150’den fazla gazetecinin hapiste olduğu bir ülkede demokrasiden söz edilemeyeceğini belirten Kılıçdaroğlu, “Haber yaptı diye insanlar tutuklanmaz. Medya iktidarı eleştirdi diye insanlar tutuklanmaz. Gazeteci gazetecilik görevini yaptığı için gözaltına alınmaz, tutuklanmaz. Bunu yaparken belli bir siyasal kimlik altında yaplıyoruz. İnsan olarak, insanın adalete duyduğu ihtiyacı dile getirmek için yapıyoruz. Hiç kimsenin itiraz etmeyeceği bir kavramdır adalet. Kimse itiraz edemez” dedi. 15 Temmuz darbe girişiminin andından adı değiştirilen Kahramankazan’da yürüyüş için alınan güvenlik tedbirleri arttırıldı. İki TOMA yürüyüşe eşlik etti, drone sayısı da arttırıldı. Kılıçdaroğlu Kahramankazan tabelasının önünde yaptığı açıklamada “Bütün Kazanlılara 15 Temmuz darbe girişimi sırasında verdikleri mücadeleden dolayı teşekkür ediyorum. Onlara şükran borçluyum. Bu yürüyüşümüz bir Adalet Yürüyüşü’dür, şehitler için bir yürüyüştür, adaletsizliğe uğrayanlar için bir yürüyüştür. Bu yürüyüşün siyasi, etnik, inanç kimliği yoktur. Adalet, adalet ve adalet. Adaletten yana olan herkesi kucaklıyoruz ve herkesi bekliyoruz” dedi.

MHP’lilere çağrı

Yürüyüşe destek ziyaretinde bulunan eski MHP milletvekili Hasan Basri Coşkun, “Bu yürüyüşü MHP’li yurttaşların da desteklemesi gerekmektedir” dedi.

3. gün 15 kilometre

Kılıçdaroğlu 15 kilometre sonra 3. gün için belirlenen kamp alanına ulaştı. Konaklama alanında bekleyenler alkışlarla ve “adalet” sloganları ile Kılıçdaroğlu’nu karşıladı.

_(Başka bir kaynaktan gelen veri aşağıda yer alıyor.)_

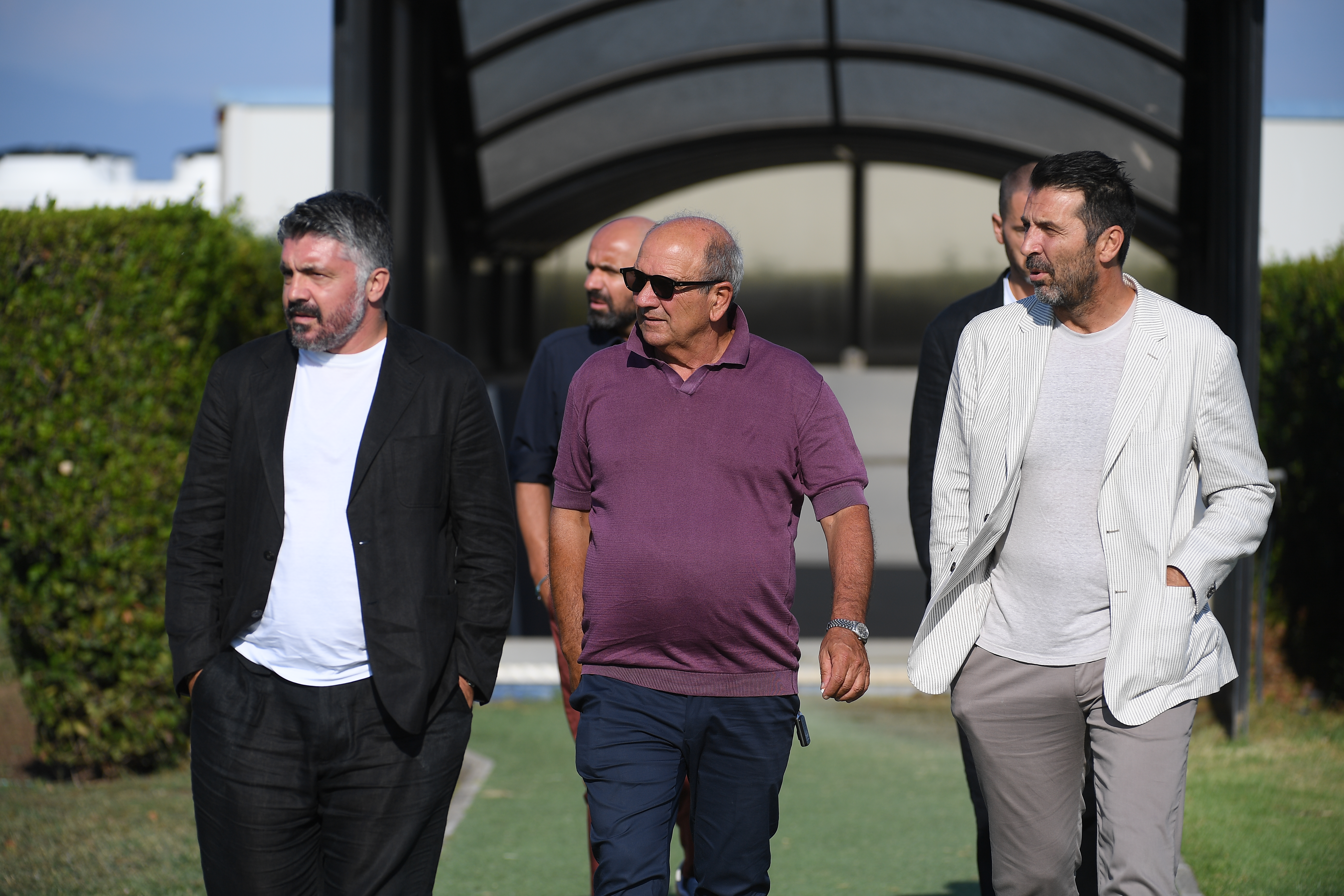 Gennaro Gattuso e Gianluigi Buffon, Ct e capo delegazione della Nazionale, insieme al direttore sportivo della Lazio, Angelo Fabiani, a Formello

Doktordan Kılıçdaroğlu'na yakın takip

Adalet Yürüyüşü’nün ikinci gecesinde konaklanılan kamp alanında, polis kapsamlı güvenlik önlemleri aldı. Kamp alanı polis bariyerleri ile kapatıldı. Girenlerin üzerleri arandı. 3. gün yürüyüşü öncesinde, konaklayanlar için Yenimahalle ve Çankaya belediyeleri sandviç, meyve suyu, çay ve mercimek çorbası ikram etti. 3. günde, Kılıçdaroğlu, spor doktoru tarafından takip edildi. Doktor, yürüyüşlerin öncesinde ve sonrasında Kılıçdaroğlu’nun yapması gerekenler, egzersiz hareketleri, beslenme biçimleri konusunda bilgi aktardı, bir program çıkardı. Kılıçdaroğlu’nun mola süreleri, yürüyüş mesafesi de doktorun tavsiyeleri üzerine belirlendi.

Görünmez kaza

Yürüyüş sırasında CHP’li Mahmut Tanal başını alçak zemine çarparak hafif şekilde yaralandı. Başında sıyrık olan Tanal, konvoya eşlik eden ambulansa bindirilerek tedavi edildi. CHP’nin doktor milletvekili Ali Şeker, Tanal’ın başının sargılı olduğu fotoğrafını paylaştığı twitter mesajında, “Mahmut abi adalet diye diye kafayı sıyırdı diyorlar! Şaka şaka mola kazası. Bir hekim olarak söylüyorum zehir gibi” dedi. Tanal ayrıca, her iki ayağının da daha önce kırıldığını belirterek “Böyle yürümek her babayiğidin harcı değil” dedi.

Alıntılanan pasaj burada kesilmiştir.